Ao contrário do que muitos poderiam imaginar, ele não é um jurista especializado em direito comercial internacional, e sim um criador de bovinos, que chegou a obter um diploma no Massachusetts Institute of Technology (MIT). Ele ainda se mostra revoltado até hoje com o mais recente ciclo de negociações conhecido como o "Uruguay Round", que havia terminado em 1994 sem que os países ricos fizessem quaisquer concessões em relação ao dossiê agrícola, o mais importante para os países em desenvolvimento.
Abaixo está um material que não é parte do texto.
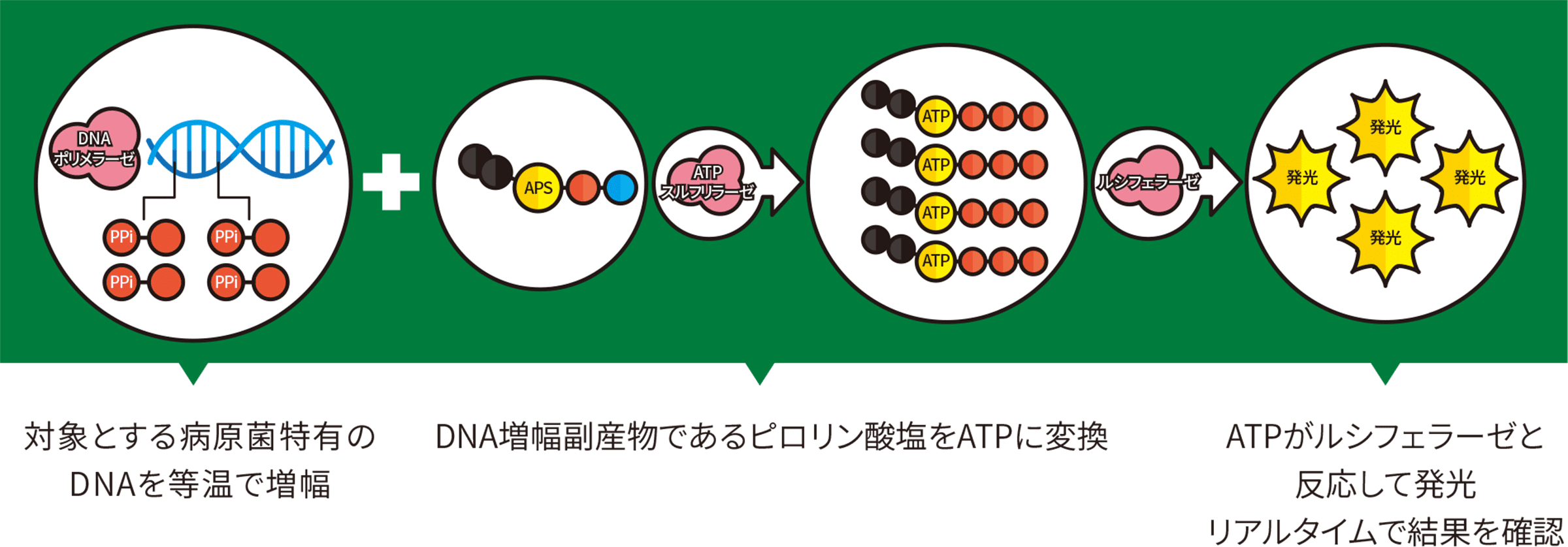 病原菌自動検出システム(MDS)検出原理の図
"A minha idéia", explica Camargo Neto, "era de encontrar, antes da reunião ministerial de Doha (Qatar) em 2001, exemplos que nos permitam embasar o nosso combate contra as subvenções, e com isso chegar à mesa das negociações em posição de força. Infelizmente, não consegui concluir esta pesquisa a tempo. Mas, tempos depois, apareceram os casos do algodão e do açúcar, e o mais importante é que finalmente nós vencemos. Agora, nós esperamos que as decisões da OMC sejam respeitadas". Os Estados Unidos têm até o mês de julho para cumprir a decisão da entidade sobre o algodão, enquanto os europeus prometeram apresentar em junho uma reforma do seu regime comercial em relação ao açúcar.
"Acesso melhor"
Os dois dossiês constituem evidentemente um teste de maior importância para o sucesso das negociações do ciclo de Doha que a comunidade internacional espera conseguir concluir em dezembro, por ocasião da próxima reunião ministerial dos países membros da OMC em Hong-Kong. "Ou os americanos suprimem suas subvenções daqui até lá, ou toda e qualquer negociação vai ser impossível", avisa Roberto Giannetti da Fonseca, o diretor das relações internacionais da Federação das Indústrias do Estado de São Paulo (Fiesp), a mais poderosa dentre as organizações patronais do país.

"Nós não vamos abrir a nossa indústria e os nossos serviços, se os países ricos não entenderem que, nesta rodada de negociações, os países em desenvolvimento só poderão ganhar alguma coisa caso eles obtiverem um acesso melhor aos mercados agrícolas". A voz do Brasil é tanto mais importante que, já faz dois anos, o país tornou-se o porta-voz o mais ativo do Grupo dos 20. Criado em 2003, às vésperas da reunião ministerial de Cancun (México) para construir uma frente comum contra as políticas de subsídios, este bloco ao qual pertencem, entre outros, a Argentina, a Índia, a China e a África do Sul, permaneceu unido.

Mesmo assim, sublinha Marcos Jank, o presidente do Instituto para as Negociações Comerciais Internacionais (cuja sigla em inglês é Icone), "enquanto o G20 é certamente uma das melhores operações da diplomacia comercial de Lula, ele poderia em breve se tornar um obstáculo para os interesses brasileiros", isso porque os magnatas do agrobusiness não querem apenas o fim das subvenções. Eles reclamam também a liberalização de todos os mercados.

Desta opção, muitos não querem nem ouvir falar. É o caso da Índia, e também da China. De fato, estas outras potências emergentes temem os efeitos de um livre comércio agrícola sobre as centenas de milhões de pequenos camponeses que povoam os seus territórios.